Ho sempre avuto nella mia vita la necessità di viaggiare, forse di fuggire, fuggire da qualcosa che avvertivo stretto, soffocante. Ho sempre avuto bisogno di un rifugio dove accoccolarmi e riflettere, ascoltare, stare in silenzio. Forse la vita di paese, forse le regole che stringono e stritolano le sensazioni e alla fine riducono al sogno eterno il tuo istinto/ desiderio sono state la spinta per quello che con gli anni è stata la mia vita.
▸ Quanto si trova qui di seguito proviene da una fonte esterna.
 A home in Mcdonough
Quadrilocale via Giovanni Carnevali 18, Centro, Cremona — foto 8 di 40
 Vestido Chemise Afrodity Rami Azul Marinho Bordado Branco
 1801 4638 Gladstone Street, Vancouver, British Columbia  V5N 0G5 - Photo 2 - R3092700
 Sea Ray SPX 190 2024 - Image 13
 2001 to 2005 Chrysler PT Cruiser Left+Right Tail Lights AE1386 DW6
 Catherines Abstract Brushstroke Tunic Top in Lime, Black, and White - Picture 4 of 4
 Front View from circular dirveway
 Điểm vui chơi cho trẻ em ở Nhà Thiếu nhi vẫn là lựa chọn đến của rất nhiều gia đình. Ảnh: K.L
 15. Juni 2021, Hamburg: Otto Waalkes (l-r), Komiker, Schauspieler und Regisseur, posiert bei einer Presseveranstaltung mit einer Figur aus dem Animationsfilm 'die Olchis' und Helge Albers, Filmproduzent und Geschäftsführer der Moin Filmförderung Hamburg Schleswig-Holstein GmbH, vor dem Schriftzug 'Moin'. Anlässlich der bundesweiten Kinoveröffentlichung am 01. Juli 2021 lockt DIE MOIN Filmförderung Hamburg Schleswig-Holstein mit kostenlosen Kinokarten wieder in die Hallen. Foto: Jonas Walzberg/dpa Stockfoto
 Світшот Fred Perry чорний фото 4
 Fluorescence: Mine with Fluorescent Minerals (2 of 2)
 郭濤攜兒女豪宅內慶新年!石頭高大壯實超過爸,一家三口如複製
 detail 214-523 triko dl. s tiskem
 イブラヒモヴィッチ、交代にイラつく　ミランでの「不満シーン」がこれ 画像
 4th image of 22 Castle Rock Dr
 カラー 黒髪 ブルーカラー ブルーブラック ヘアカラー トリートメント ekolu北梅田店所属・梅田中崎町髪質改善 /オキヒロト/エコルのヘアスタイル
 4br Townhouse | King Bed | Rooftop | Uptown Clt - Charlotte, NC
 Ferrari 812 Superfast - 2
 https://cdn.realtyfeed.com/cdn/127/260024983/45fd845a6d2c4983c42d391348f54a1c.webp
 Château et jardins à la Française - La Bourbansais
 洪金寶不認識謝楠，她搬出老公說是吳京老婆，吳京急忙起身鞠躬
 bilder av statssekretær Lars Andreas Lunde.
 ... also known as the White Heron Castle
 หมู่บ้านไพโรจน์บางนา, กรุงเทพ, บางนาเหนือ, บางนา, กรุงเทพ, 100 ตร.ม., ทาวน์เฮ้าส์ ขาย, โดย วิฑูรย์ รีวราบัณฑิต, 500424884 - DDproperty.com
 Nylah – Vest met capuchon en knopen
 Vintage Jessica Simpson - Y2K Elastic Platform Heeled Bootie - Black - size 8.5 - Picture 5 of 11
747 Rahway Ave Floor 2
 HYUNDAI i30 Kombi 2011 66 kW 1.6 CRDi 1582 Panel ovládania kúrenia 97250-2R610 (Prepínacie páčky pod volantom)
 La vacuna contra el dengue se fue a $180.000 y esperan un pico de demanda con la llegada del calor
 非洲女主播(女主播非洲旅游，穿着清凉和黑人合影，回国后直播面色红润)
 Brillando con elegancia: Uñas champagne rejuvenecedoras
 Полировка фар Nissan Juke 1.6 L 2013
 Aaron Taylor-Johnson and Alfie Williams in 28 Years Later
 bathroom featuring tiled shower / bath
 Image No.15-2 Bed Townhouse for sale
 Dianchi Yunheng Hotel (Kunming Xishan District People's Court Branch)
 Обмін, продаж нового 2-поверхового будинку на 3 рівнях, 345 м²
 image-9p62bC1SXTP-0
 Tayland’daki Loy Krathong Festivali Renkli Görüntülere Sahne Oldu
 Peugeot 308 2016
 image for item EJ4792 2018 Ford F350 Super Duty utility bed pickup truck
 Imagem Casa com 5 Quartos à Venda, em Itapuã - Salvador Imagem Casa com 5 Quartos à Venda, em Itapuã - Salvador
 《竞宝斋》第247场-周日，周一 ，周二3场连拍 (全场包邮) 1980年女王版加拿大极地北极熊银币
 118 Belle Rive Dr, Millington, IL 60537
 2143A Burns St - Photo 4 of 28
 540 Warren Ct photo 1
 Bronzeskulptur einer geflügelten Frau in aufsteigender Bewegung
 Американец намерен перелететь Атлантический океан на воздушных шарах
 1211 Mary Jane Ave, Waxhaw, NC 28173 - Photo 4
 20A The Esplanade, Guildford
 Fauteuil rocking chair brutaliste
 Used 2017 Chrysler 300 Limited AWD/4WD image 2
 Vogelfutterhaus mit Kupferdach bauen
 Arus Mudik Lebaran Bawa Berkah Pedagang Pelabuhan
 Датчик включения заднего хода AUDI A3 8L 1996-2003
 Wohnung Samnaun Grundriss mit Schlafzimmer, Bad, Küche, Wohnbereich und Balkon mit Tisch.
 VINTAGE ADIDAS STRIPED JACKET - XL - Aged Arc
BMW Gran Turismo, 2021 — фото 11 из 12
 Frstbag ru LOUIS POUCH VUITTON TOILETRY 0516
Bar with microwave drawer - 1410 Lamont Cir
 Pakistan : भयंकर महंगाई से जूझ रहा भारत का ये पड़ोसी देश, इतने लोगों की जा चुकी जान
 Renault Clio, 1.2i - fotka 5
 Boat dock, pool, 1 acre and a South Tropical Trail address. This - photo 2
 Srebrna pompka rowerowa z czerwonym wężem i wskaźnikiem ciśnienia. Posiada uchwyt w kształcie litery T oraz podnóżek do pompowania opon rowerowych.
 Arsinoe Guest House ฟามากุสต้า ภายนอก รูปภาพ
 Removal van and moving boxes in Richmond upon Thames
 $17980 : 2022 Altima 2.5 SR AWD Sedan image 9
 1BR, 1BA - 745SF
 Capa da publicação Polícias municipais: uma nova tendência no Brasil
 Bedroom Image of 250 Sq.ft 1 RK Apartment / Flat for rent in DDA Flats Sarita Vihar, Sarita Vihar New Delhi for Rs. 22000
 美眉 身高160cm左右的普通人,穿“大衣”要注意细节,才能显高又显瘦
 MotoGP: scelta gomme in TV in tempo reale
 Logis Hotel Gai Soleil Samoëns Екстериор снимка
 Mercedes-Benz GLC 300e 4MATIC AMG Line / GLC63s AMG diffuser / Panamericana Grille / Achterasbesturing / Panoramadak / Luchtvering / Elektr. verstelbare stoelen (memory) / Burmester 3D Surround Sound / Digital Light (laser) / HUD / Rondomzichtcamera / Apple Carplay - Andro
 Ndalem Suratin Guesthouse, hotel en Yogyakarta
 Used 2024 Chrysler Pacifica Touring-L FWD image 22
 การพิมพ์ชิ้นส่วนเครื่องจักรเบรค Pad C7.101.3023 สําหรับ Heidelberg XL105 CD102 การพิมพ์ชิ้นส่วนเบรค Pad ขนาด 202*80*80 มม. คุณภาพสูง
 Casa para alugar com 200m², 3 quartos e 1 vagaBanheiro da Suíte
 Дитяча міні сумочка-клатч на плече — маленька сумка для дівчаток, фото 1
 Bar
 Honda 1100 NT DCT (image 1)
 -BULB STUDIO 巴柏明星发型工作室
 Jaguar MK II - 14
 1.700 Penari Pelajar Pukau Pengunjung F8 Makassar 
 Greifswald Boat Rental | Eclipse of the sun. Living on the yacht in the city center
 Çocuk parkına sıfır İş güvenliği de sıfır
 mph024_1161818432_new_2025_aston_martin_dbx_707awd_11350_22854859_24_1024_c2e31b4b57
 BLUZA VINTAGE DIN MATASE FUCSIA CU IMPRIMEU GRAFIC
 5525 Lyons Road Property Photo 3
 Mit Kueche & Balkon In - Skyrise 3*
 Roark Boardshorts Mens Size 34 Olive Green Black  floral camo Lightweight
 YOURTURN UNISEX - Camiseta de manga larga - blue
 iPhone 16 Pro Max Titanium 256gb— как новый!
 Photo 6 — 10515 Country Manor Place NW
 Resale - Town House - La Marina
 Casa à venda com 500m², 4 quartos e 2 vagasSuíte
La mia necessità è un trampolino sospeso sulla distesa di un grande mare che offre direzioni infinite, non una strada predefinita ma infinite possibilità di incontri. Ecco veder crescere un fiore, una pianta, osservarla è un viaggio e come tutti i viaggi è esperienza diretta, si vive tutti i giorni.
“Ora et labora” sono giorni che penso a questa frase che ha accompagnato anni di vita nei monasteri benedettini. Prendersi cura del luogo dove hai scelto di vivere, pregando e lavorando, pensando e progettando. Prendersi cura. Si continua a viaggiare, anche stando fermi, apparentemente fermi. Riuscire a sentire in una scala di legno la bellezza del vivere è leggerezza. La scala come un trampolino, costruita per salire tra i rami della grande quercia, dove poter leggere all’ombra un bel libro pensando al Barone Rampante di Calvino.
La mancanza è sintomo di buona esperienza, di qualcosa di vissuto in profondità. La mancanza è amore.
Quando penso a questo, fotogrammi di vita scorrono come quando emozionato incollato alla sedia di legno nell’arena del mio paese in una serata d’estate aspettavo che le immagini si stampassero su quel telo bianco. Schermo avvolto nel buio stellato di quelle serate d’estate, quando l’ arena accoglieva folle di persone con gli occhi lucidi pronti a partecipare allo spettacolo. Sì era proprio così, la generazione che veniva dalla guerra, tutti insieme con noi bambini in quella arena abbandonavano ricordi bui di una guerra vissuta e si perdevano in quel mare di immagini e storie, un trampolino per sognare, un trampolino sull’infinito. Per mio padre un trampolino per dimenticare la Russia, il fronte sul Don, gli amici persi e quelli caduti a terra che si lasciavano andare al gelo senza che nessuno potesse farci niente.
Fotogrammi che ti inchiodano sulla seduta di legno ad ascoltare le vibrazioni che il corpo riceve dall’interno interiore, scorrono veloci e possenti come le onde del mare che ti sollevano e ti conducono altrove. C’è bisogno sempre dell’altrove perchè andando in là poi ritorni nel tuo luogo dove hai scelto di stare, la vita come una marea che cresce e si ritira, che va in là, poi rientra cancellando un attimo dopo la tua orma sul bagnasciuga, un passaggio leggero e armonioso, proprio un bel sentire. “Sii navigante che apre la vela al vento” Pindaro.
Un abbraccio, a presto Peppe e che il trampolino sia sospeso sempre e per tutti…..soprattutto per quelli che non riusciamo ad accogliere.